今日,この「手びき」に示されている「筆順」が,国語表記ハンドブックや学習用漢和辞典などに引用,掲載されている。しかし,辞典等には,さらに多くの漢字が掲げられている。このため,「手びき」に掲げられていない漢字については,同書の「本書の筆順の原則」に準じて,筆順を示しているのである。
本書は,あくまでも指導者用として作成されたものである。ここに示されている漢字を「学習用漢字」と称する人々もいるが,それでは主客転倒になる。昨今の学校のあり方が問われそうである。
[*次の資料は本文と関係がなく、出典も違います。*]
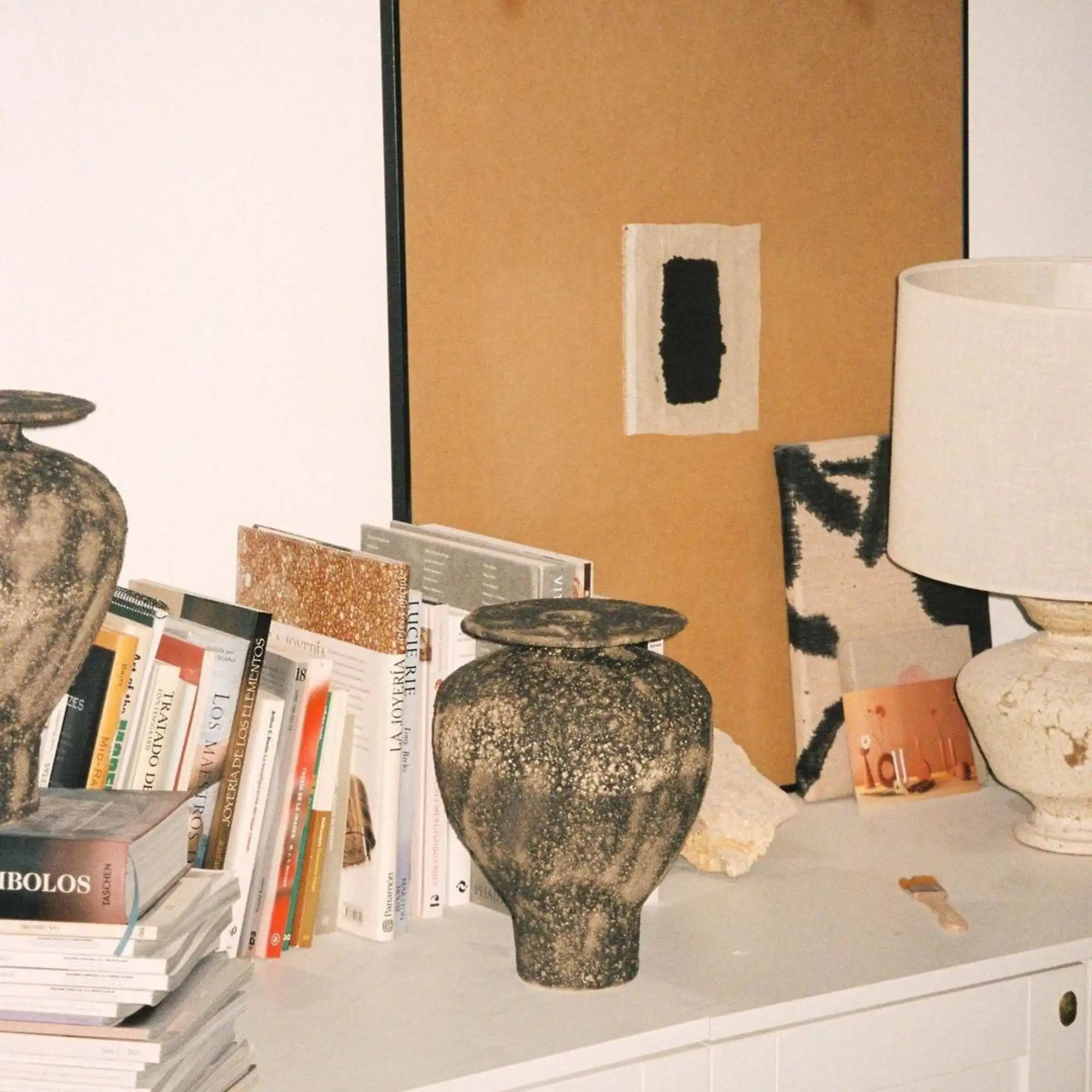 Isolated N.7 Vase - THAT COOL LIVING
なお,この「手びき」は,「まえがき」,「1. 本書のねらい」,「2. 筆順指導の心がまえ」,「3. 筆順指導の計画について」,「4. 本書の筆順の原則」,「5. 本書使用上の留意点」,「6. 当用漢字別表の筆順一覧表」,「7. 筆順一覧の索引」の8章からなっている。いうまでもないが,一般の辞典類には,このうちの「6. 当用漢字別表の筆順一覧表」の内容が引用・掲載されている。